I attended tenth grade at Marietta consolidated school. The teacher was Mary Kennedy. I stayed with the Teeples, who lived west of the Deucher home. Rosy Mercy, an orphan girl who later married James Beaton, and Marie Mercy, a sister of Rosy, was also staying there. A little school bus driven by Tracy Walker took us to school. Marietta School had big sliding doors to separate the grade school from the high school. Gordon Stevenson, an eighth  grader, sat where the doors came together, while I sat on the other side. He would give a signal and I would put my hand out and he would give me candy or something else. One time he did this and I put my hand out and he put a dead mouse in my hand. After this experience I never put my hand out again.

I attended eleventh grade at Philip high school. Mable Parsons and I batched in a room with an oil stove. We slept  and cooked our meals there during the week. It was in the Michaels (Ainsley) house on the hill.

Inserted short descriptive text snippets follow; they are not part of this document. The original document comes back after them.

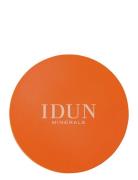 IDUN Minerals Loose Mattifying Mineral Powder Tora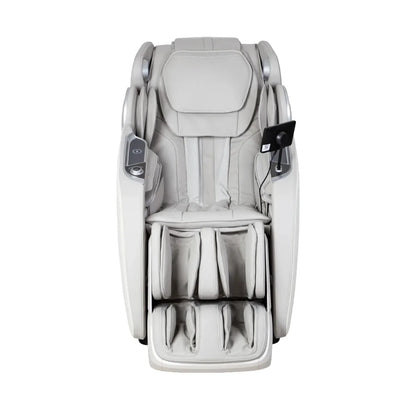 Titan Pro Cura 4D | Titan Massage Chair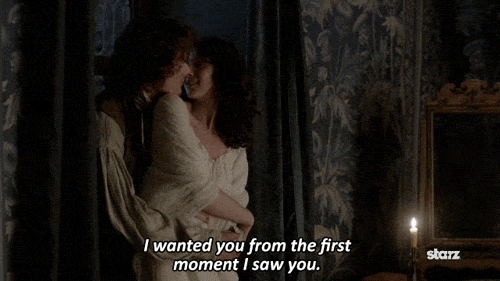 postparacomentaroutlander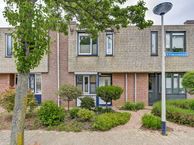 Klaproosberg 7, 4708 KG Roosendaal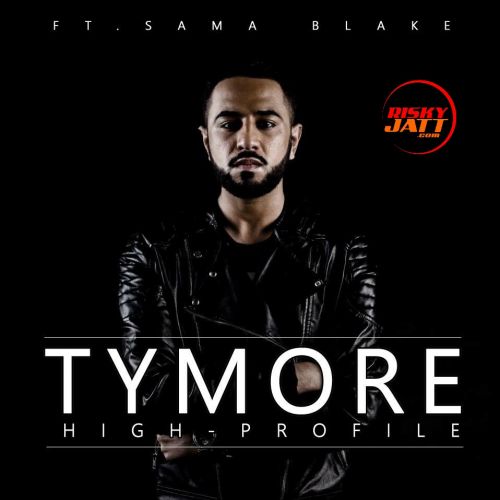 Download Lovedrunk Tymore mp3 song, Lovedrunk Tymore full album download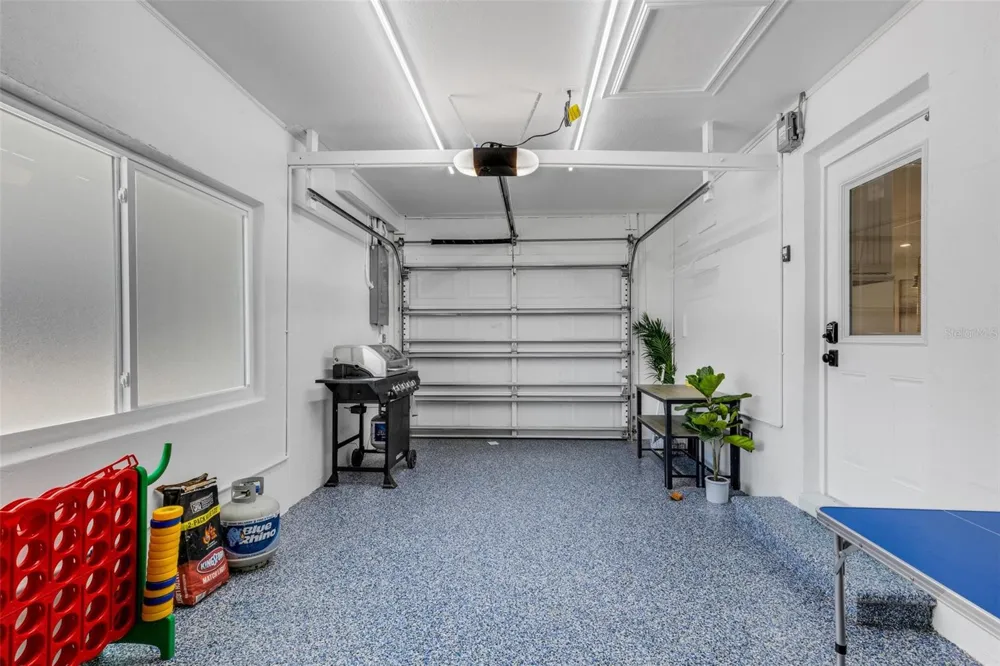 18317 SUNSET BOULEVARD Redington Shores, FL 33708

Just before I was ready for the twelfth grade Chloe and Fred, who now lived in Alliance, Nebraska, visited us. They said that in Alliance I could take normal training while in high school and then teach right after graduation. Jewel and Harold took me to Chloe and Fred’s in Alliance and then left. When I went to the high school to register the superintendent said “You can’t do that, it is a two year course, plus you must pass tests. The program is to be done during the junior and senior years of school”. He said it would be impossible to complete the course in one year. I told him “well, I am here, my ride has gone back, can I try it?” The superintendent said I could try. I did pass the classes and passed the teacher tests. While going to school I worked at Dr Bowman’s for room and board. I went home that summer and slept for six weeks.  

I went back to Alliance, but it was too late to get a school. I worked at a “nice” clothing store and boarded at the owners home and cleaned their house for my board. I learned a lot at the store and their home - it was a fancy home. Later I got a job at the telephone office and stayed in the Martin home.

I taught at rural schools in the Alliance area for five years. I also attended Chadron Teachers College. I worked summers at the telephone offices in Alliance and Deadwood. While in Deadwood I stayed in the Stewart home on Williams Street. I stayed at home one summer.